Saturn is the sixth planet from the Sun and the second-largest in the Solar System, only behind Jupiter. It is a gas giant – meaning it is almost entirely made of hydrogen and helium – with an average radius about nine times that of Earth and is best known for its prominent ring systems. However, this planet – which is close enough to be seen in the night sky this month – has not always looked the way it does today.
It was revealed during Brian Cox’s new BBC Show ‘The Planets” how NASA discovered it was a very different planet 4.5 billion years ago.
Dr Cox told viewers earlier this month: “If an atmosphere gets big enough, it can transform a whole planet.
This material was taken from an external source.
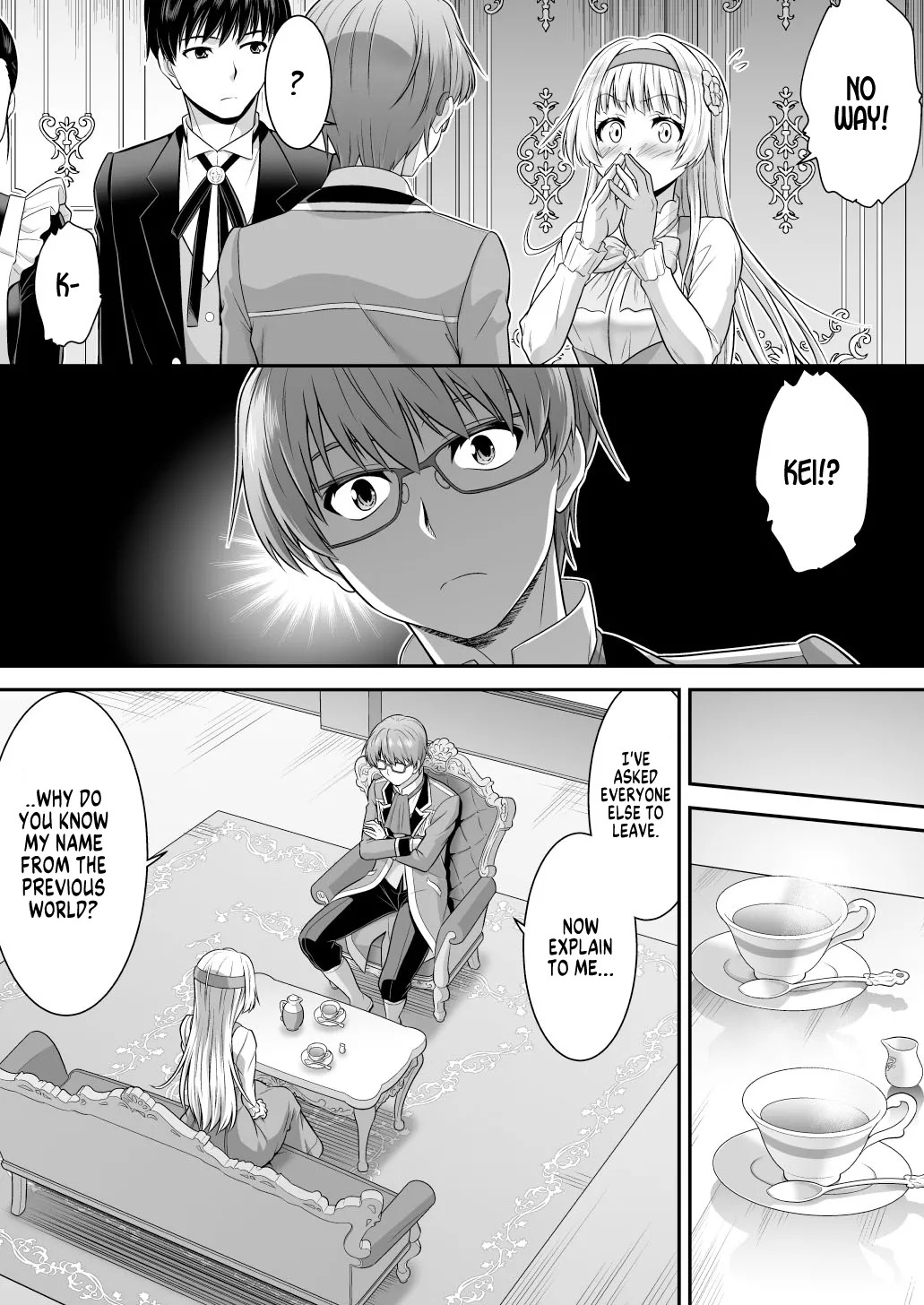 [Amuai Okashi Seisakusho (Kaneko Naoya)] A Stern Guy into a Succubus-A Clown Guy into a Pure Lady [English] [GTF] - Page 29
“Within just a few million years of its birth, Saturn had grown as large as it could, from rock and ice alone.
“And now it turned to another building material – the hydrogen and helium gas left over from the formation of the Sun.
If an atmosphere gets big enough, it can transform a whole planet
“This gas would have been too light for the worlds of the inner Solar System to hold on to.”
Dr Cox went on to explain how the forces of Saturn pulled in the gases.
He detailed: “Saturn’s great mass created gravitational forces powerful enough to draw it in.
“Trillions upon trillions of tonnes of hydrogen and helium gas began to envelop the planet.
“As this new atmosphere grew, it transformed the surface below.
“Enormous pressures created by the weight of this gas, heated rock and ice so much, they began to glow.”
Dr Cox then revealed how this process changed Saturn entirely.
He continued: “As Saturn matured, the pressure at the surface rose to ten million times the atmospheric pressure on Earth.
“Under that kind of pressures, matter behaves in extremely strange ways.
‘The very idea of a surface becomes meaningless and Saturn was transformed from an icy rocky world into a completely different class of planet – a gas giant.”
It was revealed during the same documentary how NASA also found Neptune was once “bursting with activity”.
Dr Cox revealed: “Neptune – 17 times the mass of the Earth and even more massive than Uranus.
“But in contrast to its sister planet, Neptune’s atmosphere is bursting with activity.
“What we found was a planet of extreme weather, where high altitude winds whip white methane clouds at speeds of over 2,000 km/h.
“Those are the highest wind speeds anywhere in the Solar System.”